Sometimes the obvious stops being elusive even to a liberal.
For most of the young millennium, use of the term "Bush tax cuts" by anyone left of center has more often than not been accompanied by the words "for the rich." The pair have been joined at the hip so often that a Google search for them yields more than 5 million hits. (audio clips after page break)
You may have noticed an odd thing during the preceding lame-duck Congress when President Obama and congressional Democrats agreed to extend Bush tax policies they'd spent years vilifying. Whereupon it became known by its streamlined version, the "Bush tax cuts," previously cited only by conservatives.
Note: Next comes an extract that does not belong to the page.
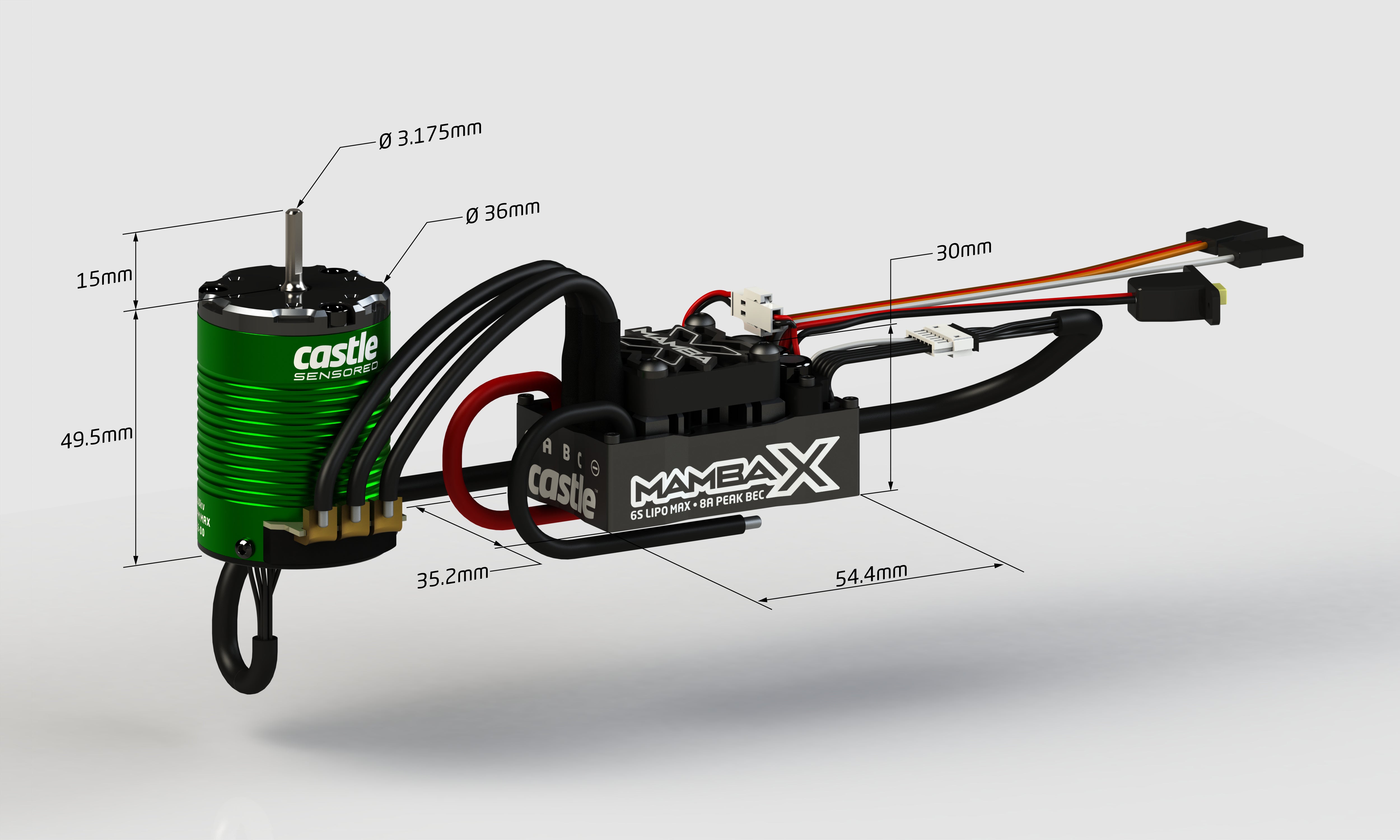 SURFACE ESC, MOTOR COMBO: MAMBA X, 25.2V WP ESC AND 1406-7700KV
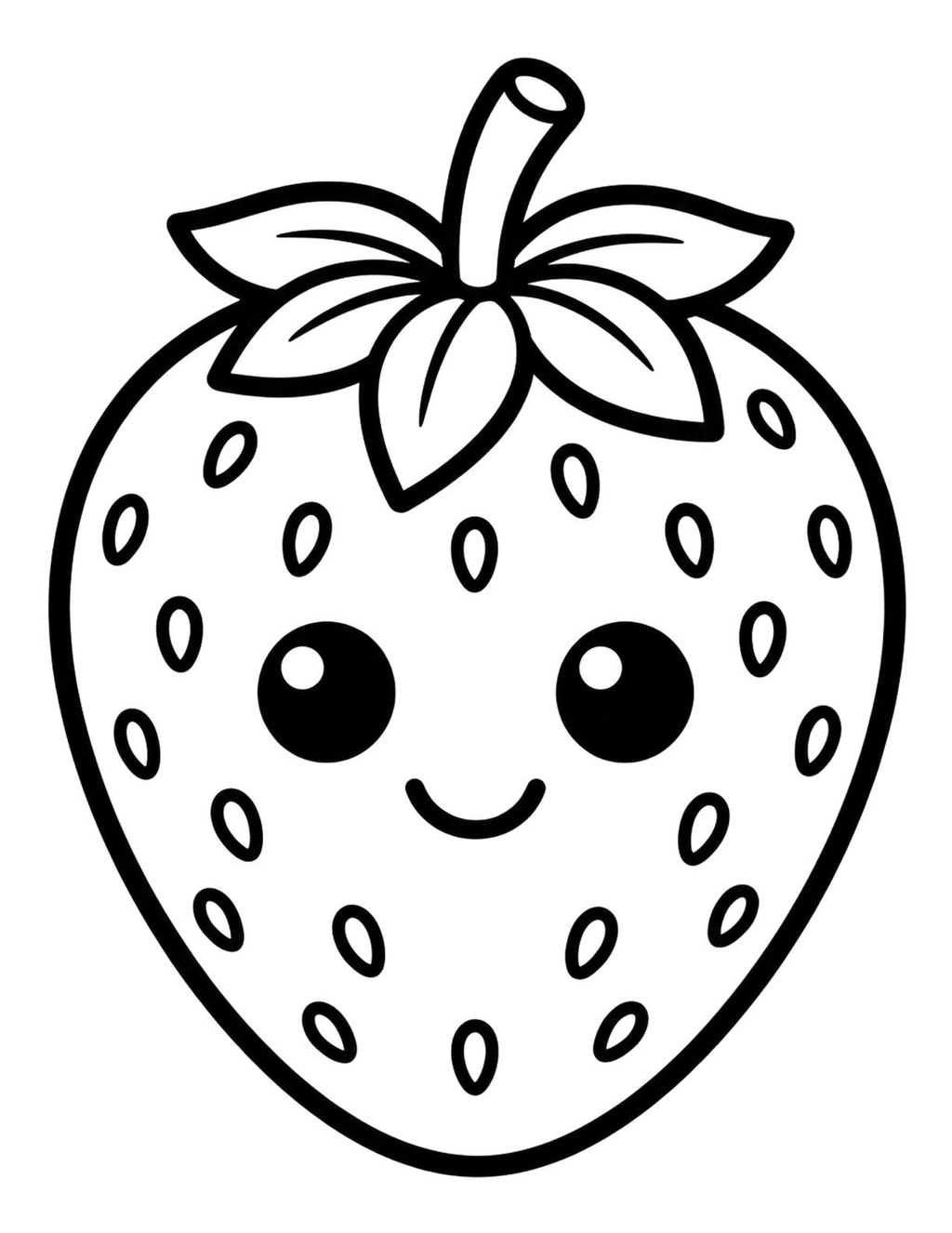 Black and white cartoon strawberry illustration with a smiling face and leafy top on a plain white background.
Now that we're having the same argument again, at least one prominent left winger has taken a curious position. Here's Ed Schultz on his radio show yesterday talking with John Nichols, Washington correspondent for The Nation (audio) --
SCHULTZ: We have railed on the Bush tax cuts for years, we liberals, have we not?
NICHOLS: Even before they were put in. (laughs)
SCHULTZ: Yeah, yeah. And there were predictions that this wasn't going to work and it actually didn't because we didn't have the job creation.
NICHOLS: Uh huh.
SCHULTZ: And then of course we had the recession, we gotta spend a boatload of money to get out of that. But now we're at a point, well you know, we better really embrace these Bush policies because we're concerned about the economy. I mean, that's really what President Obama has on the table.
NICHOLS: Essentially it is.
Schultz doubled down minutes later while boasting that no one else shares his keen insight (audio) --
Well, this is where we are. The Obama team is willing to accept 98 percent of Bush policy. I mean, it hasn't been phrased that way anywhere else. No one else is reporting it that way, but that's really the way it is, that they're willing to accept 98 percent of Bush policy to try to keep this economy going. They gotta have revenue from the top 2 percent and the Republicans won't serve it up.
More accurately, you don't hear anyone else saying this -- on the left. Obama comes close, however, with his "My2k" pitch in pointing out that extending Bush tax policy saves the average middle-class family about $2,000 annually.